Resumo direto: o Decreto nº 11.739/2023 instituiu a possibilidade de adaptação facultativa das outorgas de radiodifusão sonora em Ondas Curtas e Ondas Tropicais para FM. A preferência regulatória é pela faixa estendida de FM e pela menor classe técnica definida pela Anatel, admitindo-se canal na faixa convencional quando comprovada a inviabilidade técnica no eFM. O prazo para apresentação de novos pedidos, após prorrogação promovida pela Portaria MCom nº 19.602/2025, encerrou-se em 30 de setembro de 2025.
Atenção: prazo de solicitação encerrado Em agosto de 2026, o prazo regulamentar para apresentação de novos requerimentos de adaptação já está encerrado. A data-limite fixada pelo Ministério das Comunicações foi 30/09/2025. Entidades que protocolaram tempestivamente seus pedidos podem continuar sujeitas às fases posteriores de análise, pagamento, formalização, licenciamento e implantação.

1. Contexto histórico e técnico da radiodifusão em Ondas Curtas e Ondas Tropicais

A radiodifusão sonora em Ondas Curtas (OC) e Ondas Tropicais (OT) desempenhou papel relevante na expansão da cobertura radiofônica brasileira. A propagação associada às ondas decamétricas possibilita alcançar grandes distâncias, característica particularmente importante em regiões extensas, rurais e de difícil acesso.

As Ondas Tropicais foram historicamente empregadas para cobertura de regiões situadas em zonas tropicais e abrangem diferentes segmentos espectrais, tradicionalmente associados às faixas de 120, 90 e 60 metros. As Ondas Curtas, por sua vez, utilizam faixas mais elevadas do espectro decamétrico e podem apresentar propagação ionosférica a grandes distâncias.

Ao longo das últimas décadas, entretanto, mudanças tecnológicas e de consumo alteraram a posição econômica dessas modalidades. Equipamentos transmissores em OC e OT podem exigir infraestrutura física relevante, sistemas irradiantes de grande porte e níveis expressivos de potência, enquanto a recepção dessas faixas deixou de ser uma funcionalidade comum em muitos equipamentos destinados ao consumidor.

Paralelamente, o FM consolidou-se como uma das principais tecnologias de radiodifusão sonora terrestre para cobertura local e regional, oferecendo melhor qualidade sonora percebida e maior disponibilidade de receptores em veículos, aparelhos domésticos e determinados dispositivos portáteis.

Importante sobre a tecnologia FM A migração deve ser entendida como mudança do serviço e da faixa de radiofrequência, e não como conversão automática para uma transmissão digital. A radiodifusão FM convencional utilizada no Brasil é baseada em modulação analógica, ainda que a produção, processamento e distribuição interna do áudio possam utilizar tecnologias digitais.

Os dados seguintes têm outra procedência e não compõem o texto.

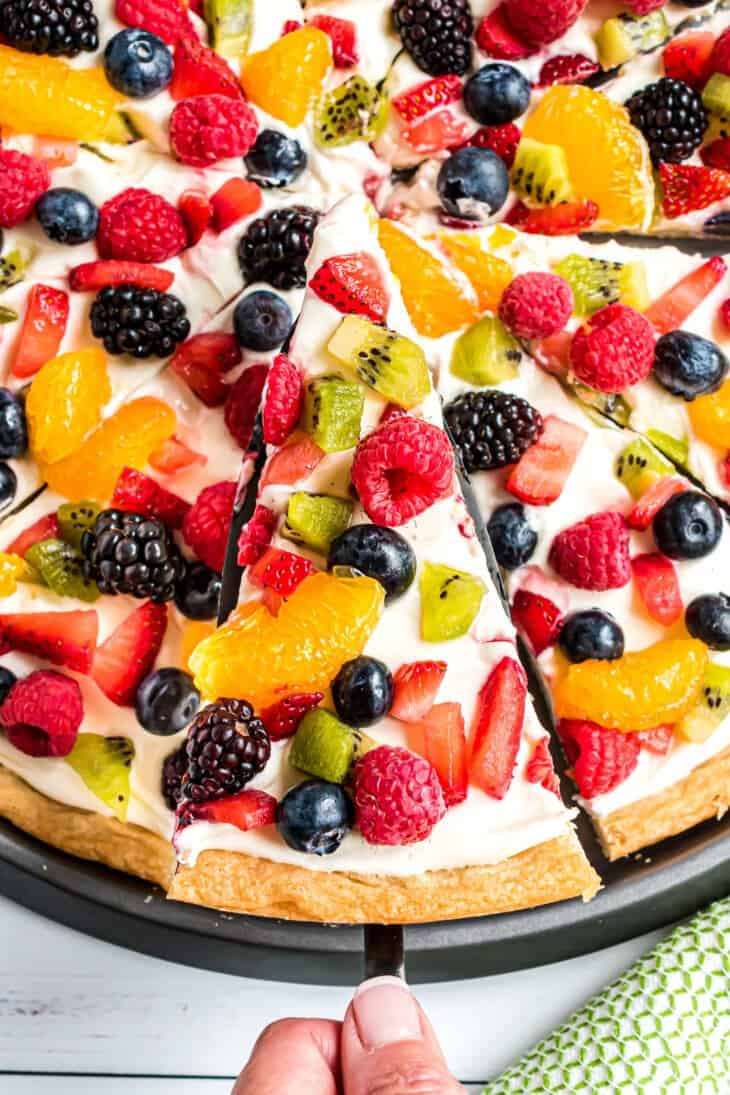 Best Ever Fruit Pizza! - Julie's Eats & Treats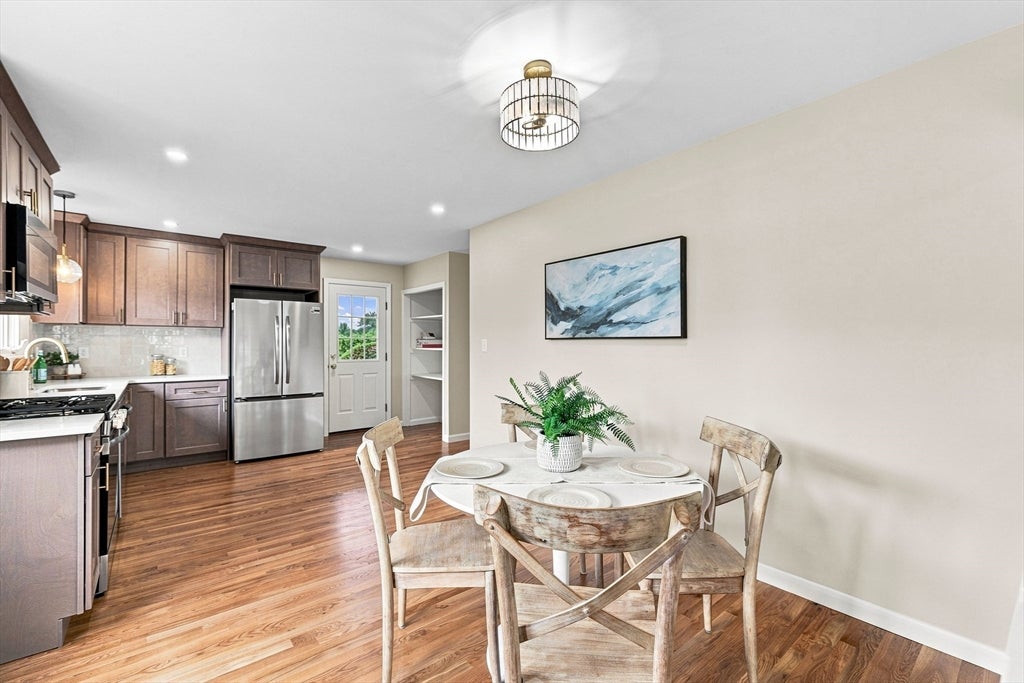 60 Sable Ave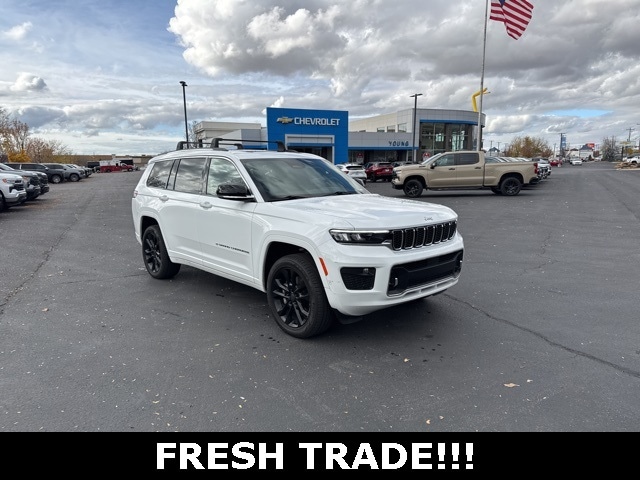 2023 Jeep Grand Cherokee Overland photo 2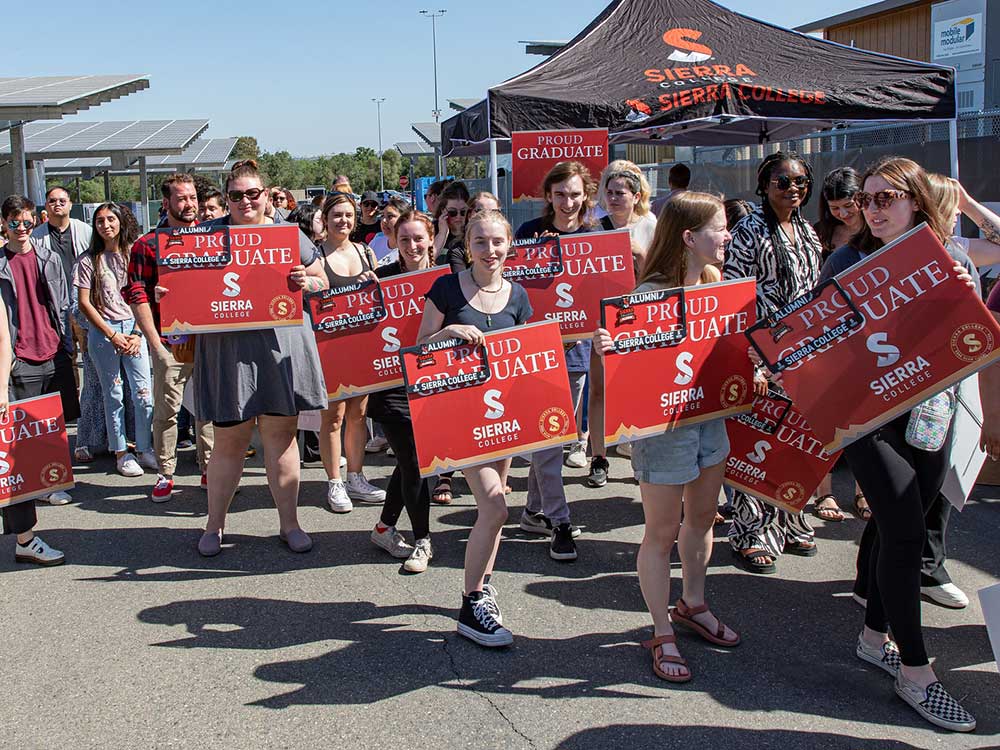 Alumni Proud Grad Signs S25 52910112249 C49a74122e K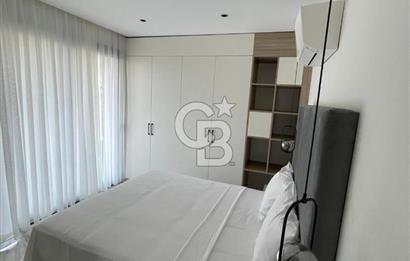 ÇEŞME'DE EŞYALI SATILIK YENİ EBEVEYN BANYOLU 1+1 DAİRE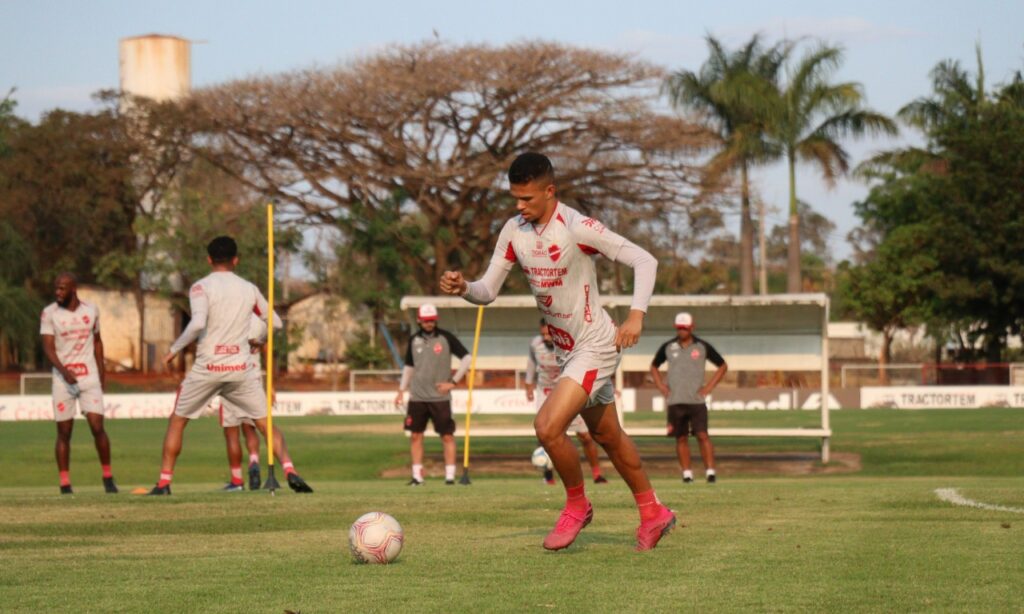 Pablo festeja primeiro gol como profissional e enaltece evolução do Vila Nova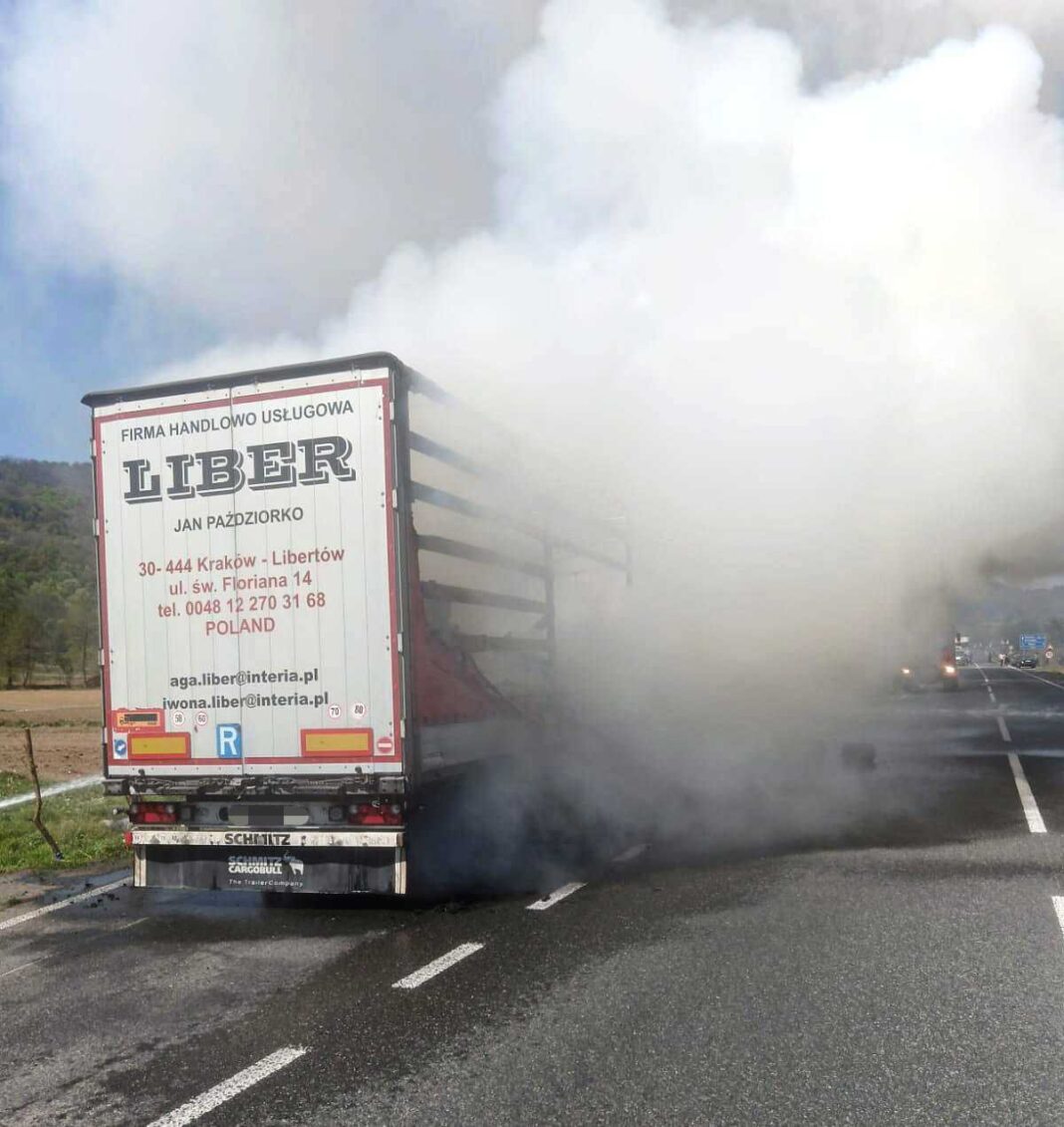 NEWS.ro: Caraş Severin - Un autotren a luat foc pe DN 6, între Armeniş şi Teregova - FOTO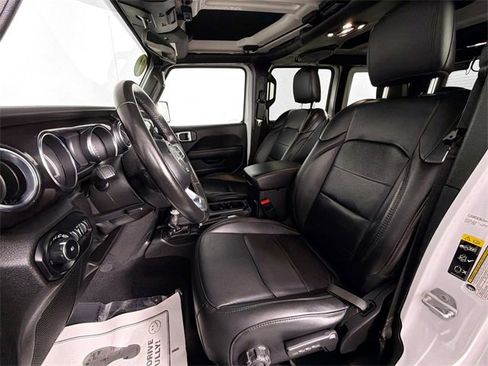 Used 2021 Jeep Wrangler Unlimited Sahara image 18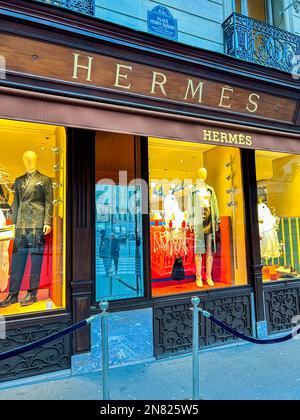 Hermes paris store interior hi-res stock photography and images - Alamy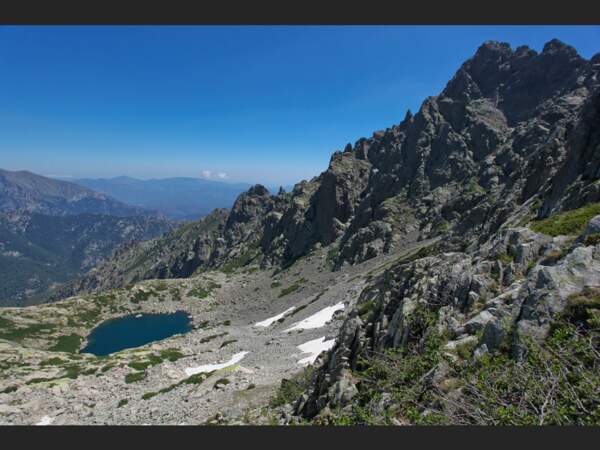 Le lac d'Oru (1 970 m) se trouve sur le flanc nord-est du Monte d'Oru, en Corse (France).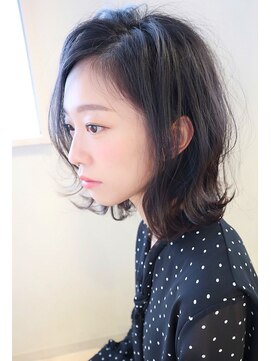 ヴェジールヘアデザイン(Vezir hair design) 大人かわいい外ハネミディアムヘア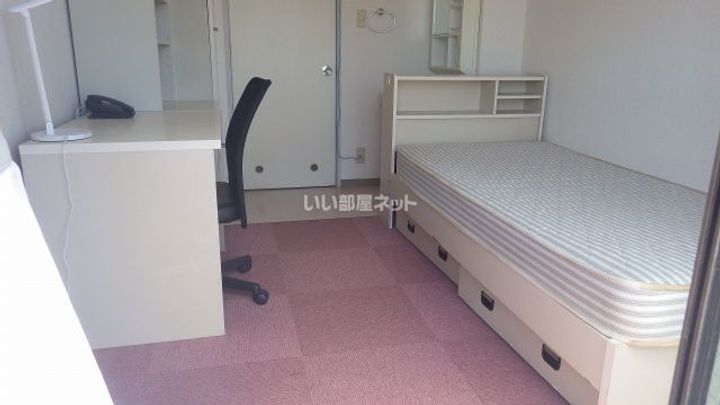 ドーミー赤池の居間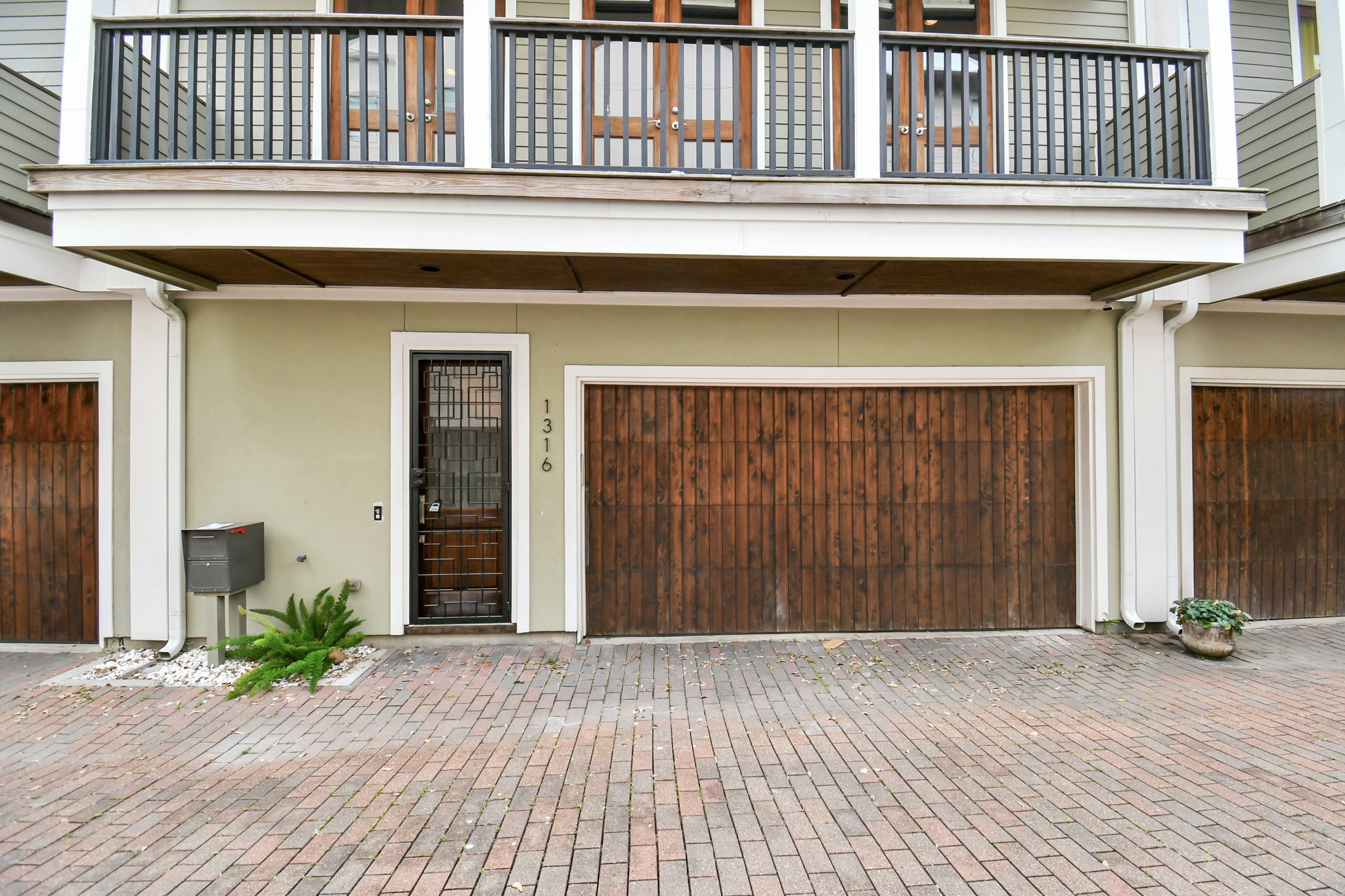 1316 Stanford Street Houston TX 77019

A política pública de adaptação das outorgas de OC e OT foi estruturada nesse contexto. Ela segue, em termos de política setorial, movimento semelhante ao iniciado anteriormente para as emissoras de Onda Média pelo Decreto nº 8.139/2013, embora OC/OT possuam regime jurídico e procedimentos próprios.

2. Panorama das emissoras alcançadas pela política

Quando a política de migração foi apresentada pelo Ministério das Comunicações, dados institucionais divulgados pelo órgão indicavam a existência de dezenas de outorgas de OC e OT potencialmente abrangidas pelo novo modelo.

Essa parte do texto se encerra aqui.